Não sei, nunca soube, como começar a história, a minha história, pois seja pelo início, meio ou fim a minha vida sempre transitou pela desesperança silente, pela tristeza permanente. Despossuído de qualquer bem material, aos olhos da sociedade, eu era, também, despossuído do ser, um zé ninguém, mais um número para o aumento das estatísticas de miserabilidade, de criminalidade, da população carcerária, dos que usufruem os programas sociais do governo, de desempregados, e etc.
O prefixo “des” somente me cabe em um único significado, a falta de, e quando falta tudo, quando a carência é gritante, ser é apenas um detalhe descartável, um sussurro, inaudível, da vontade divina. Por isso nada acrescentará a história se eu contar a minha história pelo princípio ou meio, pois ela é semelhante às histórias de zés ninguéns lidas nos jornais ou vistas na televisão. Não que o fim seja diferente. Então, para encurtar, a começamos pelo fim, por ser, para mim, a melhor maneira de se contar uma história.
É de difícil compreensão você se vê estirado na cama, inerte, sua cabeça com um buraco no meio esguichando lavas incandescentes e sobre as mesmas massas brancas borbulhando. Menos compreensível são seres alados e luminosos lhe ofuscar a vista a ponto de quase lhe cegar e não lhe permitir voltar para o seu próprio corpo. Foi aí que me dei conta que eu estava morto.

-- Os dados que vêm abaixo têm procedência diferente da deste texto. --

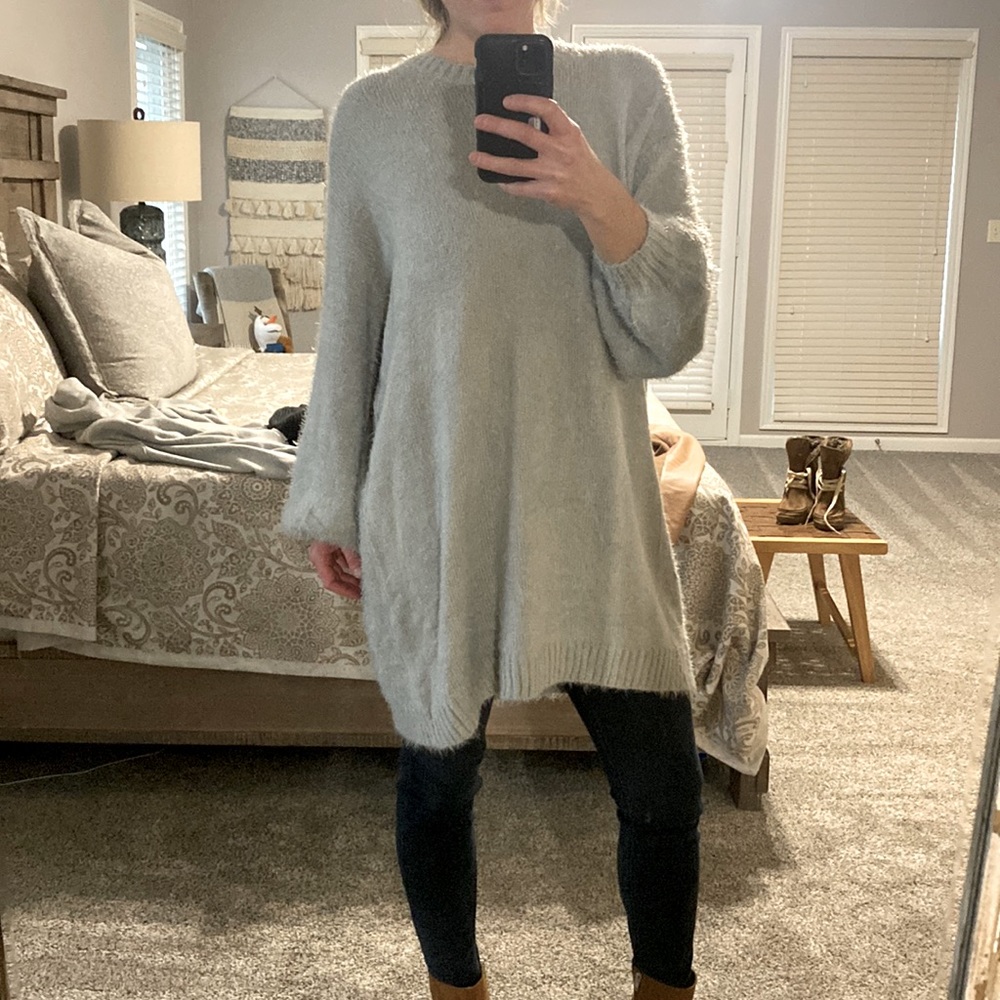 Oversized sweater dress BRAND NEW without tags from Vici. Size S/M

Era o fim da minha história, mas não propriamente da história. Fora de mim, ou seja, do meu corpo, eu tive uma compreensão, não direi que completa, do que é a vida, isto é, de tudo que é humano. Eu vi o baixo e o alto escalão do governo; vereadores, deputados e senadores; patrícinhas, mauricinhos e toda e qualquer tribo; assalariados, jornalistas e escritores; líderes empresariais e religiosos; advogados, médicos e artistas subirem o morro em busca do pó branco da alegria. Mas quando eles descem trazem consigo o sangue necessário usado para dar brancura ao pó, na maioria das vezes sangue de inocentes. Eles fingiam não saber que a mesma alegria, momentânea, proporcionado pelo pó cobra, em pesos e medidas desproporcionais ao prazer obtido, o seu valor correspondente, a desalegria imutável e permanente. E por fim é a própria vida que cobra o seu preço, o maior de todos - se do pó sobreviveste, pó serás. -, a morte, indubitavelmente, muito cedo.
Eu vi o traficante descer o morro e ser considerado Deus, chegar até ao asfalto e ter permanecido. A história esta aí para não me desmentir – do Sol ao bode, de Zeus a Deus. -, o homem sempre teve a necessidade de acreditar em um Deus, e para lhe dar serventia houve a necessidade de criar o seu oponente, o Diabo. Nos dias atuais quem é Deus, o que é Deus? Para a maioria dos humanos é tudo aquilo que possa lhe proporcionar prazer, carnal. E tudo aquilo que for de encontro ao prazer, por definição, é o Diabo. Portanto o dinheiro, o mercado, as drogas e etc são considerados deuses; por isso tê-los é se sentir o próprio Deus. O traficante tinha este poder, ele tinha as drogas, o mercado, o dinheiro e para permanecer nele transitava em todos os níveis da sociedade, a corrompendo as custas das almas dos desesperançados, como a minha.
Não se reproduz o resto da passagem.